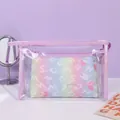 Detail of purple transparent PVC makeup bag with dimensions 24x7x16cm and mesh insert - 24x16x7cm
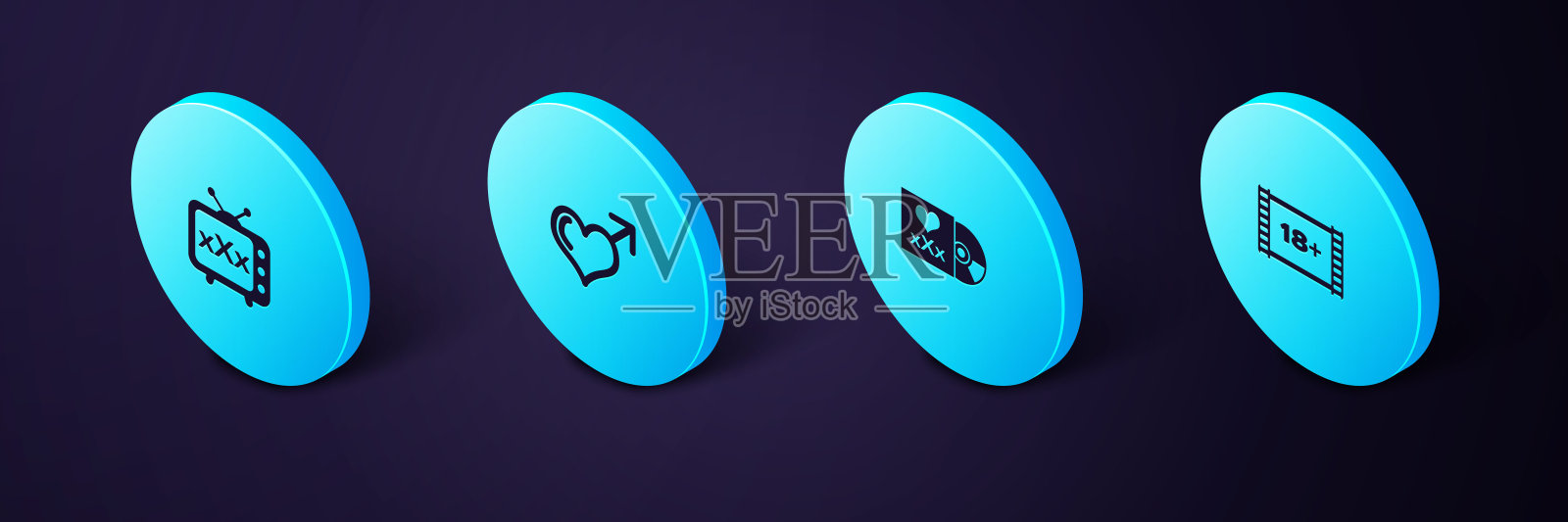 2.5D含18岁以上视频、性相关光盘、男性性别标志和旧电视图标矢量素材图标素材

•••••

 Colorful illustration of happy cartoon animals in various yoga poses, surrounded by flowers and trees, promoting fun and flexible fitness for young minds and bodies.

•••••

Brief:
For this task, return exactly the stretch of the listing above from the line with "Detail of purple" through the line with "2.5D含18岁以上视频、性相关光盘、男性性别标志和旧电视图标矢量素材图标素材", inclusive and without pictures.

Answer to this exercise:
 Detail of purple transparent PVC makeup bag with dimensions 24x7x16cm and mesh insert - 24x16x7cm
 2.5D含18岁以上视频、性相关光盘、男性性别标志和旧电视图标矢量素材图标素材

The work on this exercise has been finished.